Um livro infame: "O Marquês da Bacalhôa"
As qualidades intelectuais e artísticas que não podiam ser negadas a D. Carlos, notável pintor naturalista e estudioso dos recursos oceanográficos da costa portuguesa, faziam contraste com o seu fundo de carácter, hedonista e sobranceiro. O monarca tratava toda a gente por tu, desde os serviçais do Paço aos chefes dos governos. Era dado aos “prazeres da carne”, estando longe de constituir um modelo de marido exemplar. Coleccionava amantes e rumava frequentemente a Paris, para beber champanhe na companhia de coristas complacentes. Constava que nos regressos ao pátrio torrão, ao cruzar a fronteira, proferia desabafos como este: “Cá regresso eu à piolheira”. Um dos inúmeros escândalos de costumes do seu reinado teve-o como protagonista. D. Carlos quis ter por perto uma senhora com quem se relacionara intimamente. Por isso, mandou comprar, através da mediação do juiz António Maria da Veiga, espécie de inquisidor-mor das políticas oposicionistas, dois prédios bem próximo do Paço da Ajuda, mais concretamente na zona de Belém, para que as suas visitas fossem mais cómodas e talvez mais frequentes. Mas o caso transpirou para a opinião pública com grande estrondo. O próprio jornal republicano A Luta lhe fez publicidade, declarando em letra redonda que a compra apenas se destinara a encobrir os amores clandestinos do rei. O caso atingiu tais proporções que João Franco teve de destituir das suas funções o juiz Veiga. Por outro lado, a rainha-mãe, D. Maria Pia, embora bastante popular junto dos mais humildes, dava-se a gastos sumptuários e parecia não ter a mais pequena ideia da situação angustiosa das finanças públicas do Reino. Todos estavam lembrados da avultada quantia de mais de cinquenta contos de réis que D. Maria Pia gastara nas obras do seu guarda-roupa do Palácio da Ajuda. As críticas, por isso, dardejavam com frequência, alvejando a família real e atingindo-a na sua própria dignidade. Sendo caçador inveterado, D. Carlos ausentava-se de Lisboa mais vezes do que o bom senso aconselharia, procurando nas suas coutadas de Vila Viçosa as peças de caça que a sua pontaria ia abatendo.

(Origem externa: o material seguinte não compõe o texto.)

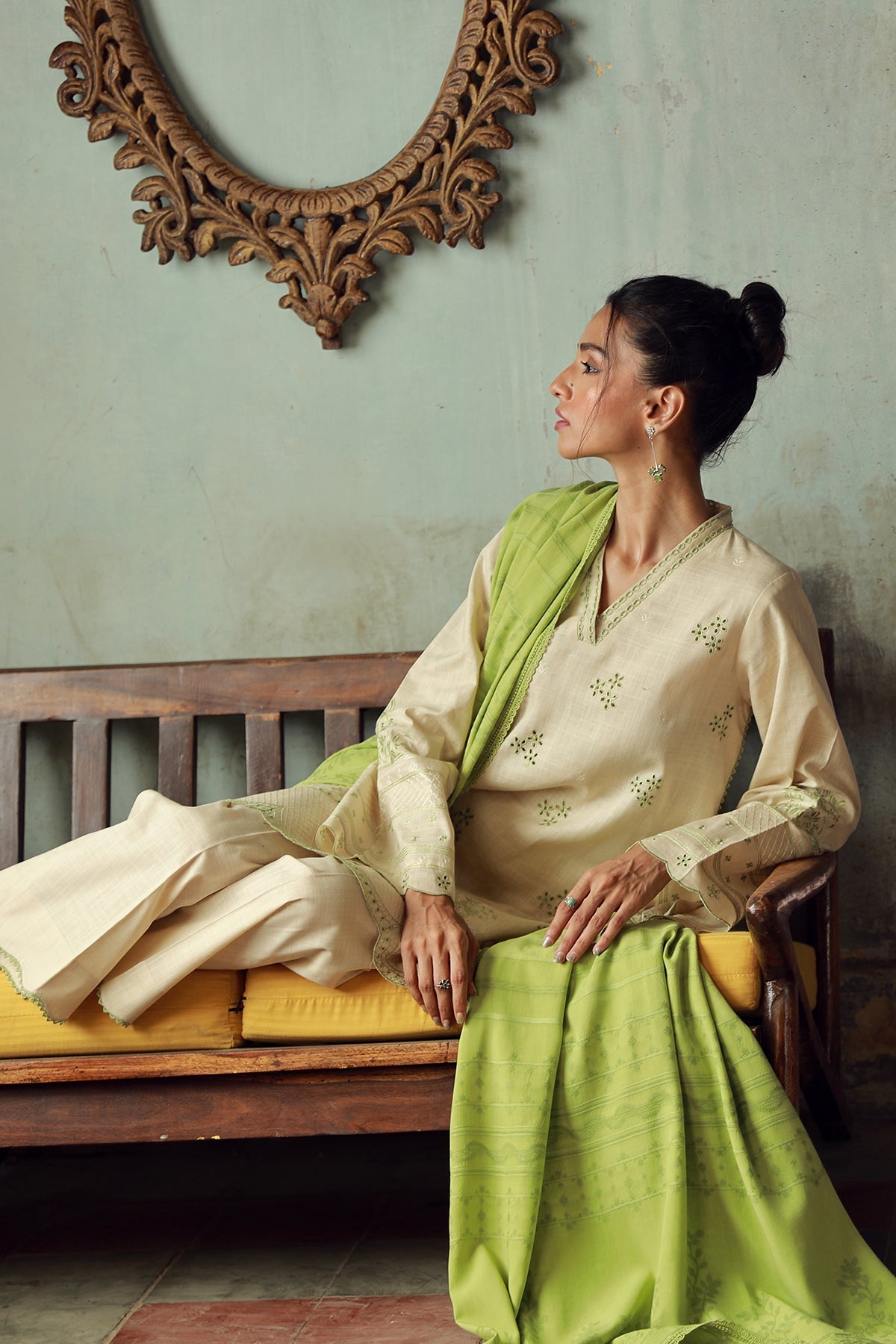 Sahar | Winter Collection | Clover Cascade by Sahar - Designer Dress - Type: Ladies Clothes - Available at Libayah - 100% Original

Não foi surpresa, por isso, que António de Albuquerque, um plumitivo sem grandes escrúpulos e também sem grandes talentos literários, fizesse surgir sob anonimato um romance panfleto infamante para D. Carlos e os seus familiares, intitulado O Marquês da Bacalhôa. O livro apareceu em meados de Janeiro de 1908 e fez imediatamente um sucesso estrondoso. Dado o seu conteúdo escandaloso, foi imediatamente apreendido. Mas isso só lhe aumentou a procura, continuando a circular e a ter potenciais leitores, que o procuravam obter por portas travessas. O tema central, nele desenvolvido, residia numa descrição deplorável da vida do Paço e dos mais directos familiares do rei. Eram todos caracterizados como dissolutos, sensuais e dúplices, faltando a todos os compromissos, mesmo os conjugais. Em suma, o livro era um registo imaginário de cenas de alcova e de episódios deslustrantes, enxovalhando a todos os níveis a realeza e a aristocracia mais próxima da Corte. E como o romance misturava, com malévolo engenho e pretensão de realidade, cenas e episódios verosímeis com alusões e imputações meramente fantasistas, a curiosidade citadina respondeu a tais estímulos com uma excepcional e generalizada curiosidade. A prova do estado comatoso do regime foi, de algum modo, certificada pela fraca reacção a este vergonhoso escrito. Os protestos dos monárquicos não se fizeram ouvir senão muito debilmente. O campo republicano rejubilou discretamente, vendo na desqualificação moral da família real e dos seus áulicos a concretização de um dos objectivos da sua própria propaganda.